Isaiah 16:10-11, “I have but an end to the shouting. Therefore my inner parts moan like a lyre for Moab, and my inmost self for Kir-hareseth.”
Consider the complexity of what we might analogically call God’s “emotional life.” In perfect and holy freedom He acts only in accordance with His will and rejoices in His will—and yet, because of human sin, it would seem that doing this also (in a real and unfeigned way) causes Him to lament (we see this tension in Luke 10:21 and 19:42). Within the context of Creation, there is lamentation in the heart of the Sovereign God…How? Why? I think we must conclude that it is because there is LOVE in the heart of God.
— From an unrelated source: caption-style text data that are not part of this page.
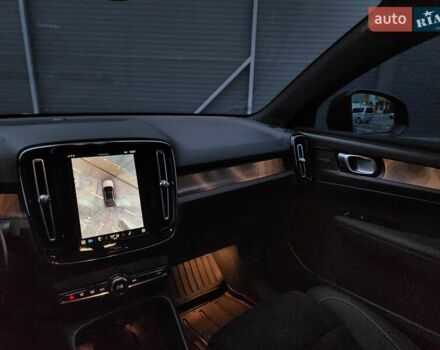 Чорний Вольво C40 Recharge, об'ємом двигуна 0 л та пробігом 68 тис. км за 28000 $, фото 37 на Automoto.ua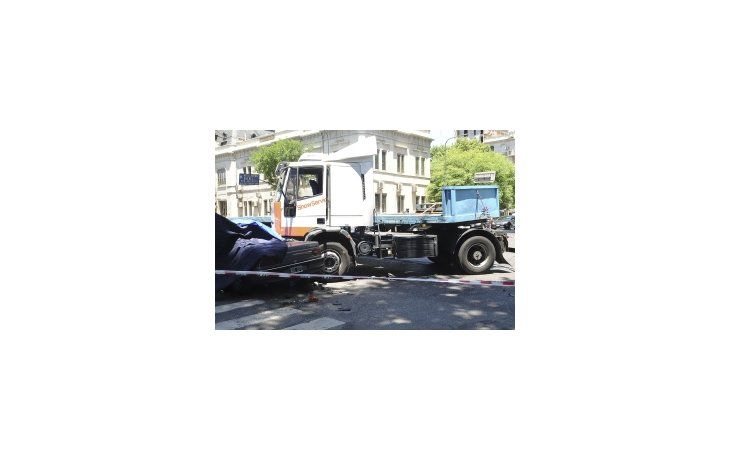 Dos muertos por un choque entre un auto y un camión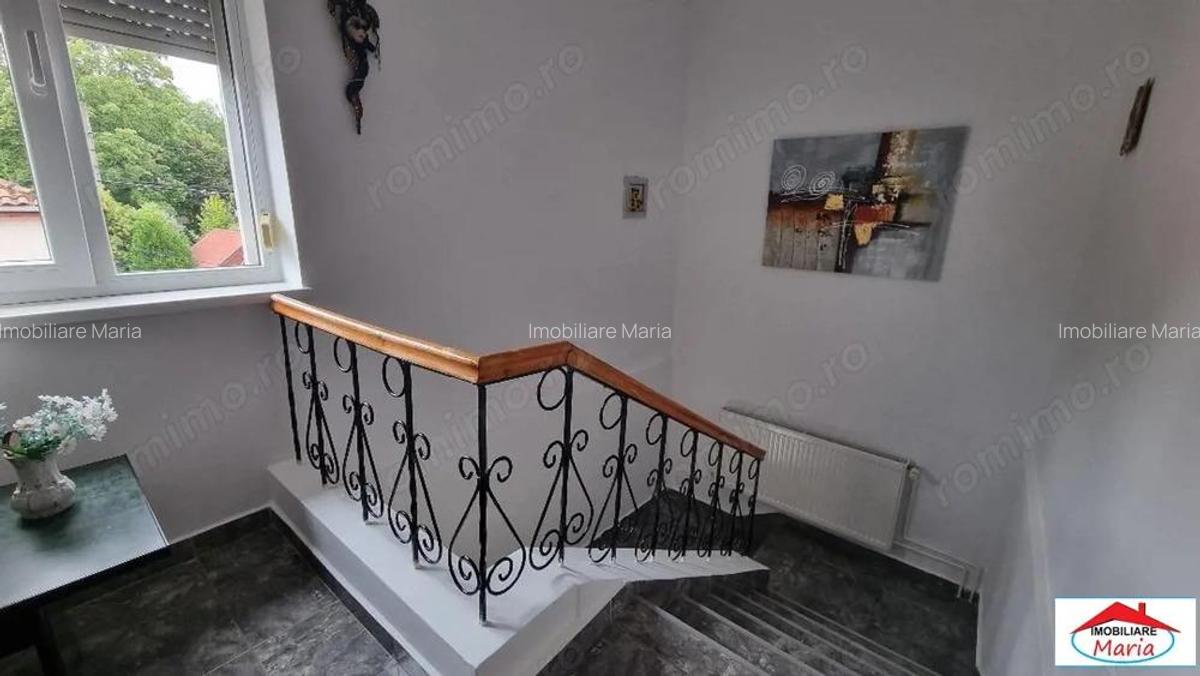 Casa solida situata semicentral cu acces auto, 159000 Euro - 8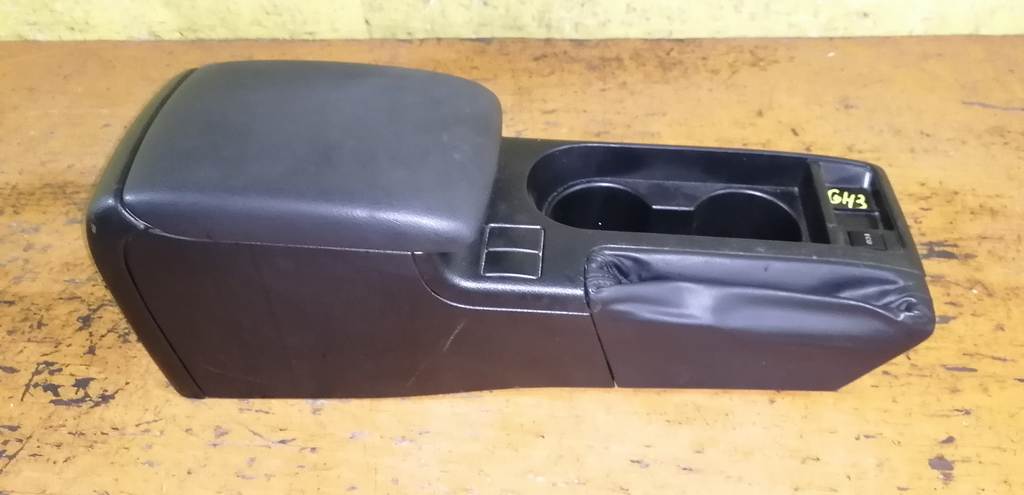 консоль между сидений Subaru Impreza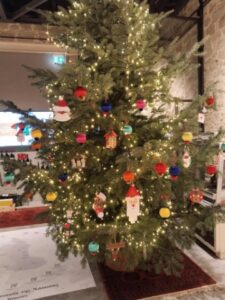 05.12.2025 Επίσκεψη στη ΒΙΒΟΝ Νάουσας για στολισμό χριστουγεννιάτικου δέντρου 12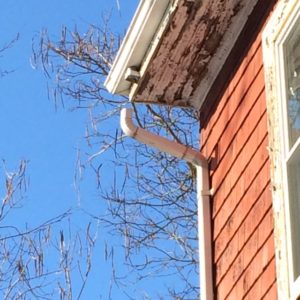 downspout pulled away from roof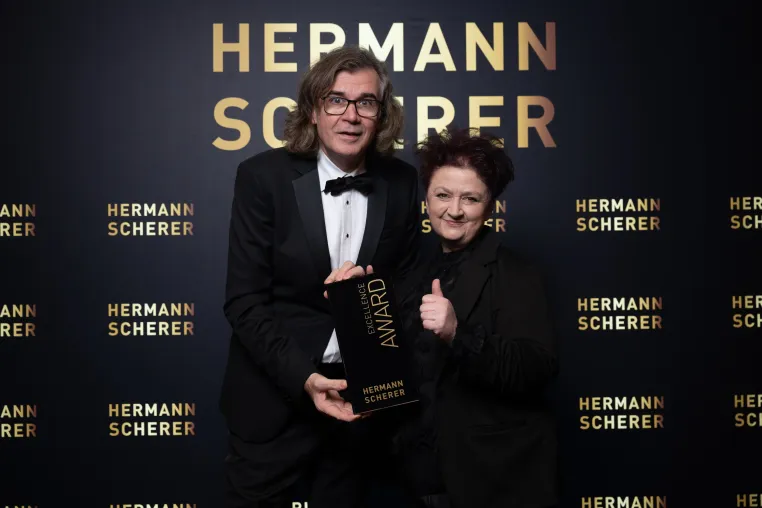 Bild: Führungs-Expertin Claudia Müller gewinnt beim Internationalen Speaker Slam in Dresden/Radebeul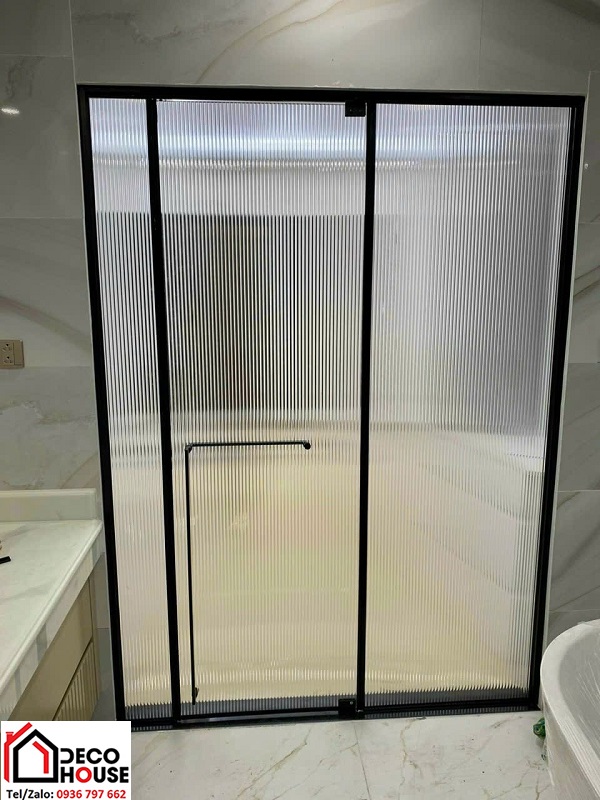 Lựa chọn vách kính và phụ kiện màu đen cho phòng tắm nhỏ.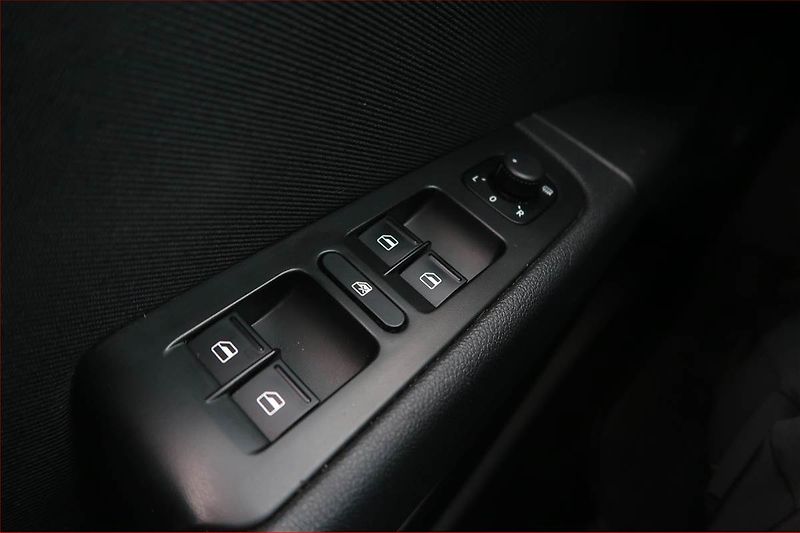 Škoda Superb (2014) 2.0 TDI, Automat, Bi-Xenony - fotka 18 z 18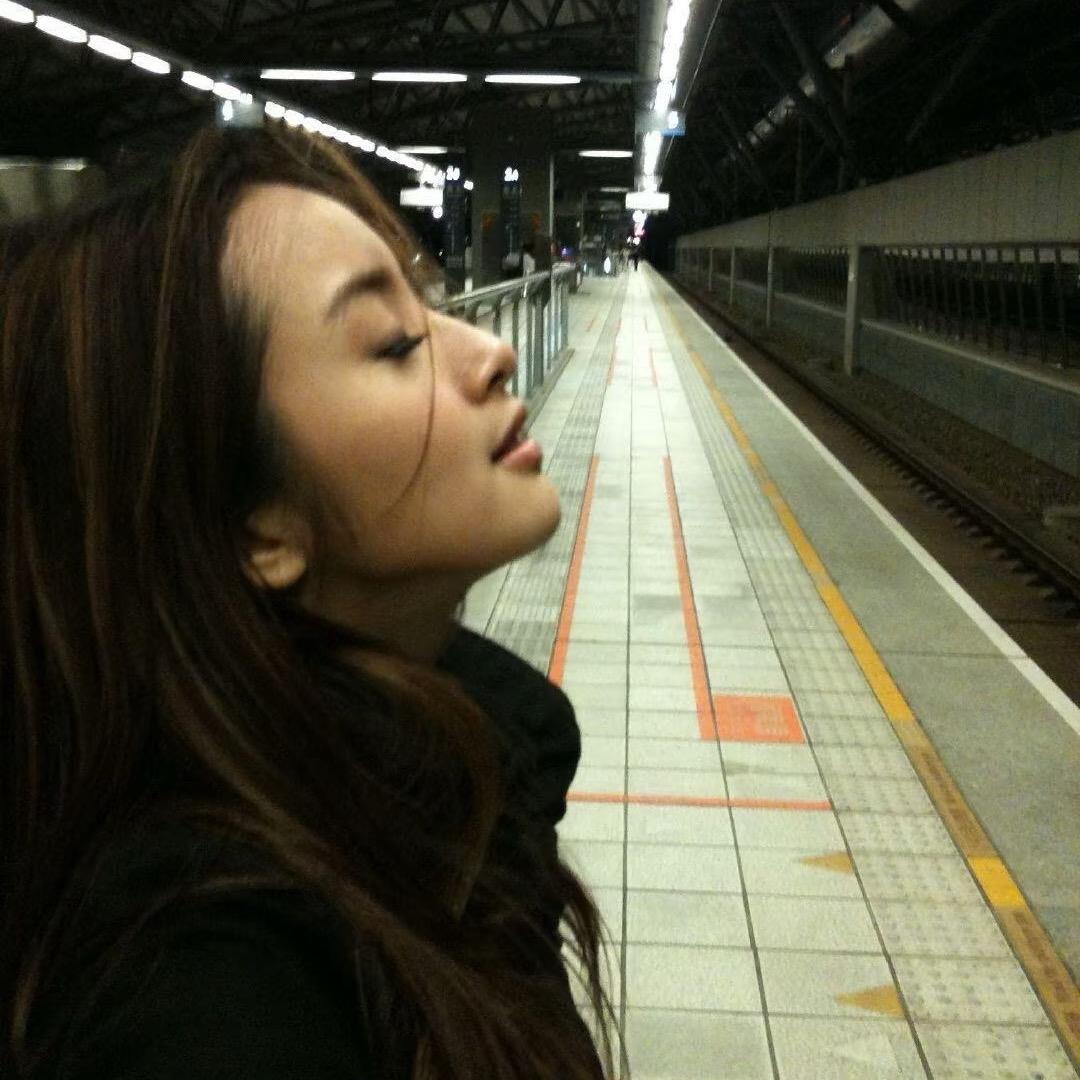 六一.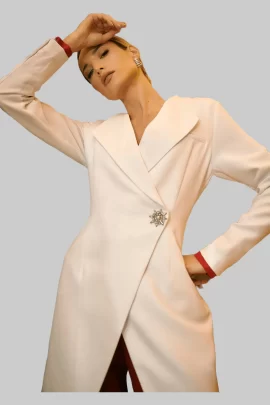 jaleco feminino branco manga longa botão com strass gola blazer adriana
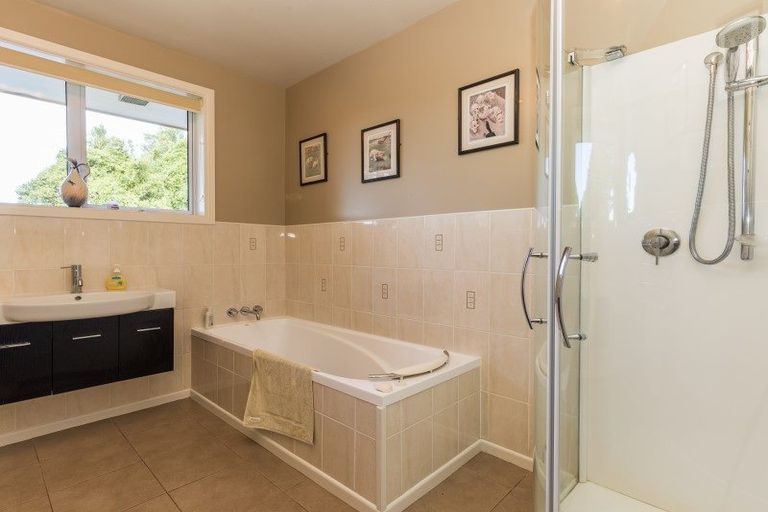 Photo of property in 270 Downs Road, Hororata, Darfield, 7572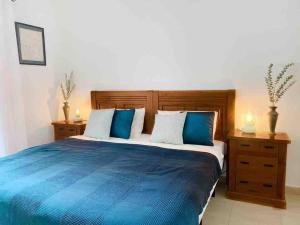 Elegant Colonial Style Ocean View Golf Del Sur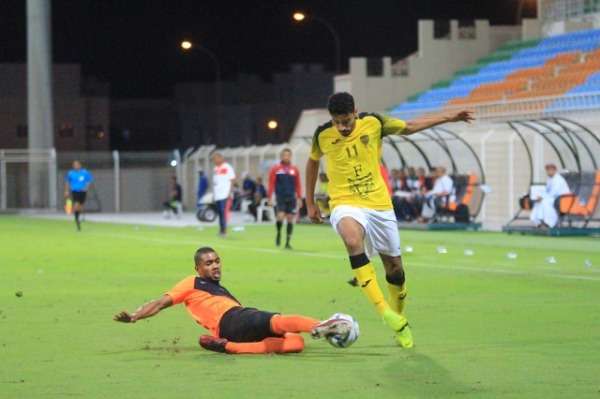 من مباراة الشباب والسويق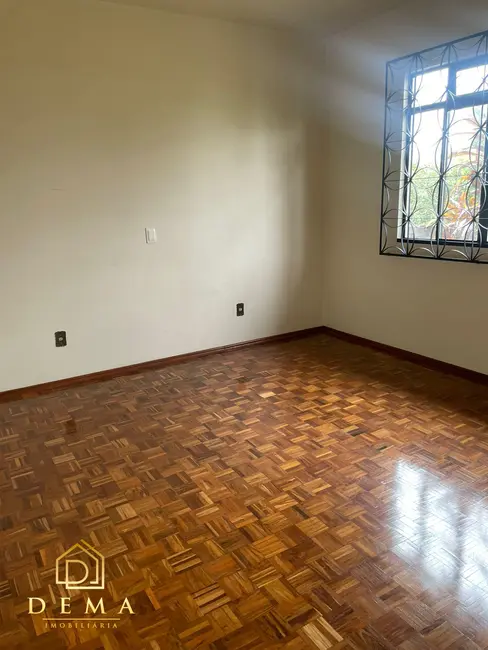 Foto 13 de Casa para alugar em Centro, Toledo - PR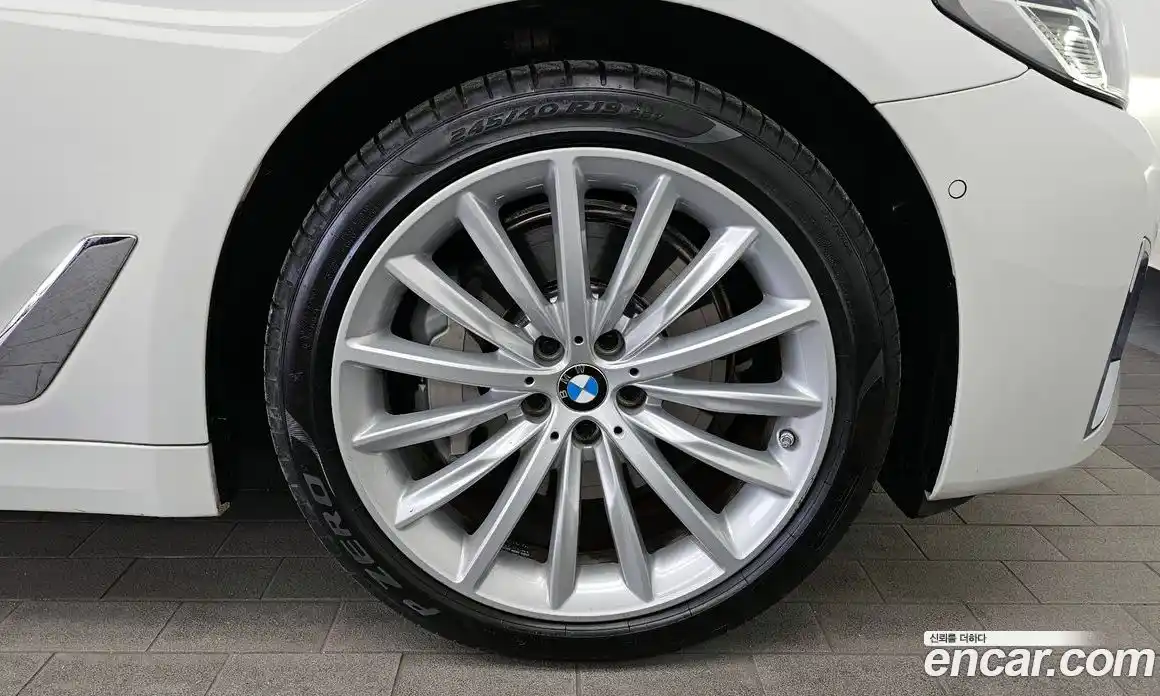 BMW 5-Series 2023 2.0 Автомат в Москве № 188220, фото 3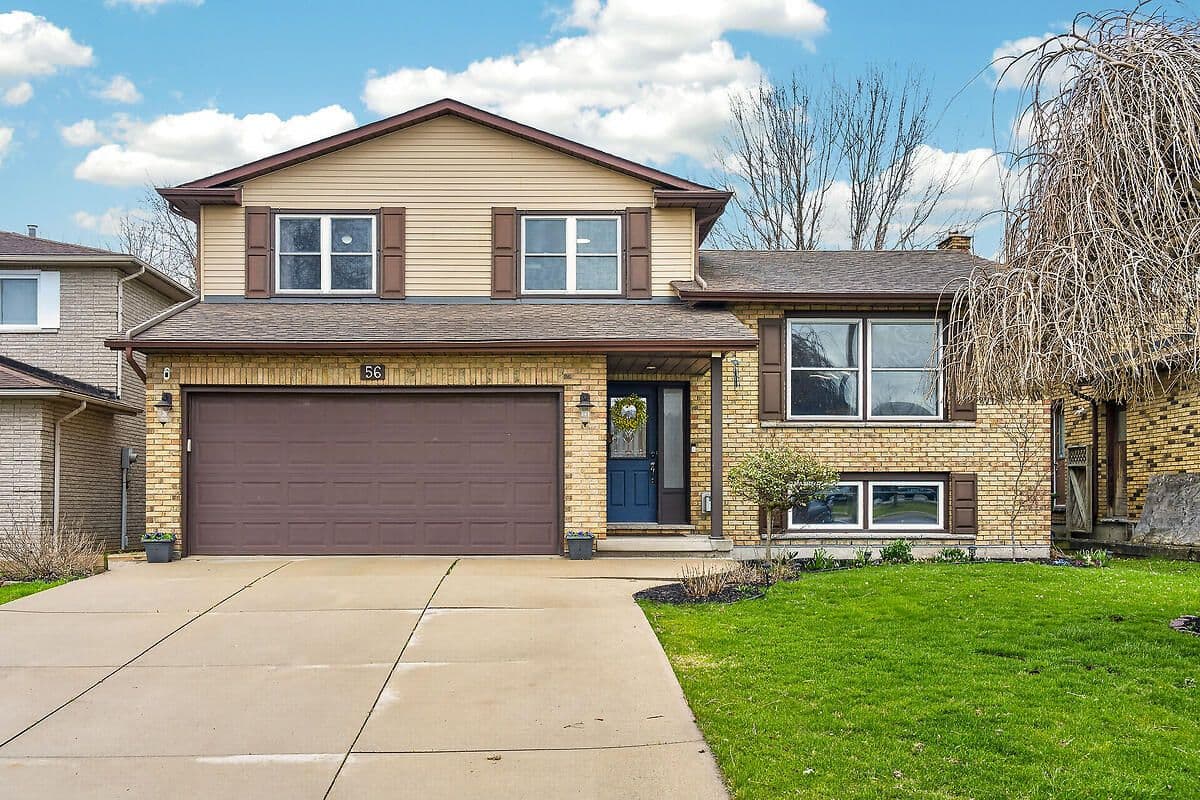 56 Hummingbird Lane, Hamilton, ON L9A 4A9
Precisely because God is fundamentally love—that is, fundamentally the giving of Himself in order that the other might be and be satisfied in Himself—He experiences lamentation, sorrow, pain within sphere of His fallen creatures. When, from eternity and in the Son, the Triune God chose to set His holy love on the objects of His holy wrath, He also chose—in sovereign love—to embrace pain. This is what Japanese theologian Kazoh Kitamori calls the “pain of God.”
And this pain that God chooses to embrace is not just any pain, it is the pain that is the chasm between an object of wrath and an object of love; a pain as deep and wide and broad as the rift between heaven and hell. In love, this chasm was—from all eternity—drawn up into God’s own heart and became, as it were, a lamentation of love borne in His “inmost self.” And the instrument on which this song of God’s love-borne pain is played, the Lyre of His heart’s lament, is the crucified Jesus Christ.
When the body of the incarnate God is stretched out on the wooden frame of the cross—bearing and bridging the chasm between vessels of wrath and vessels of love in His own experience—He becomes Lyre of the Triune God, held in the hands of the Father, played by Aeolian wind of the Spirit, who is Himself divine Love. And the melody played on Calvary’s Lyre during those six dark hours is the temporal manifestation of the eternal lament of love born in the inmost self of the Triune God.
However, for objects of God’s wrath who have ears to hear this lament as objects of God’s love, the song of God’s pain played on Calvary’s Lyre is, in truth, a song of glory and splendor and joy beyond hope. Yes, When received as the declaration of the “inmost self” of God, the lament of God’s love declares those who were not beloved as beloved, those who were not children as children, and those who were not God’s people as now God’s people. And, because the final note of the melody—the note that gathers all others up into itself—is played in the body of the Risen Christ, it is a song that ensures that—for all who will hear it—mourning is turned to gladness, and lamentation yields the fruit of joy.